The aim of this study was to determine whether differences between manufacturer of mammogram images effects performance of artificial intelligence tools for classifying breast density. Processed mammograms from 10,156 women were used to train and validate three deep learning algorithms using three retrospective datasets: Hologic, General Electric, Mixed (equal numbers of Hologic, General Electric and Siemens images) and tested on four independent witheld test sets (Hologic, General Electric, Mixed and Siemens). The area under the receiver operating characteristic curve (AUC) was compared. Women aged 47-73 with normal breasts (routine recall - no cancer) and Volpara ground truth were selected from the OPTIMAM Mammography Image Database for the years 2012-2015. 95 % confidence intervals are used for significance testing in the results with a Bayesian Signed Rank test used to rank the overall performance of the models.

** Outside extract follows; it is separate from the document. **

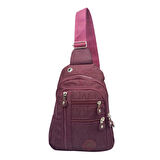 Krinkıl Body Bag Bordo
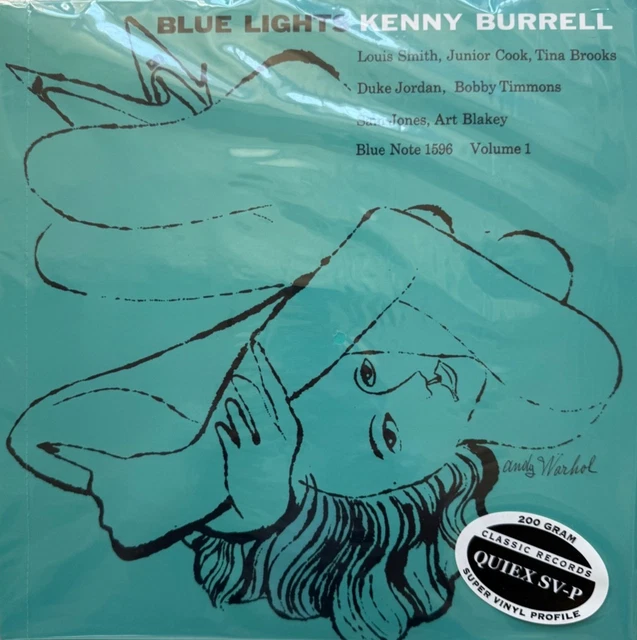 KENNY BURRELL - Blue Lights, Vols. 1 & 2 - 2 CD - **BRAND NEW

Best single test performance is seen when a model is trained and tested on images from a single manufacturer (Hologic train/test: 0.98 and General Electric train/test: 0.97), however the same models performed significantly worse on any other manufacturer images (General Electric AUCs: 0.68 & 0.63; Hologic AUCs: 0.56 & 0.90). The model trained on the mixed dataset exhibited the best overall performance. Better performance occurs when training and test sets contain the same manufacturer distributions and better generalisation occurs when more manufacturers are included in training. Models in clinical use should be trained on data representing the different vendors of mammogram machines used across screening programs. This is clinically relevant as models will be impacted by changes and upgrades to mammogram machines in screening centres.

查看原文本刊更多论文

评估人工智能在乳房x光检查制造商中的推广。

本研究的目的是确定乳房x线照片制造商之间的差异是否会影响人工智能工具对乳腺密度分类的性能。来自10,156名女性的处理后的乳房x光照片用于训练和验证三种深度学习算法，使用三个回顾性数据集：Hologic、General Electric、Mixed （Hologic、General Electric和Siemens图像的数量相等），并在四个独立的保留测试集（Hologic、General Electric、Mixed和Siemens）上进行测试。比较了受者工作特征曲线下面积。从2012-2015年OPTIMAM乳房摄影图像数据库中选择年龄在47-73岁，乳房正常（常规回忆-无癌症）和Volpara基础真相的女性。95%置信区间用于结果的显著性检验，贝叶斯符号秩检验用于对模型的整体性能进行排序。当模型在来自单一制造商的图像上进行训练和测试时，可以看到最佳的单次测试性能（Hologic训练/测试：0.98，通用电气训练/测试：0.97），但是相同的模型在任何其他制造商的图像上表现明显较差(通用电气auc: 0.68和0.63；Hologic auc: 0.56 & 0.90)。在混合数据集上训练的模型表现出最好的综合性能。当训练集和测试集包含相同的制造商分布时，会产生更好的性能；当训练中包含更多的制造商时，会产生更好的泛化。临床使用的模型应该根据代表筛查项目中使用的乳房x光机的不同供应商的数据进行训练。这与临床相关，因为模型将受到筛查中心乳房x光机的变化和升级的影响。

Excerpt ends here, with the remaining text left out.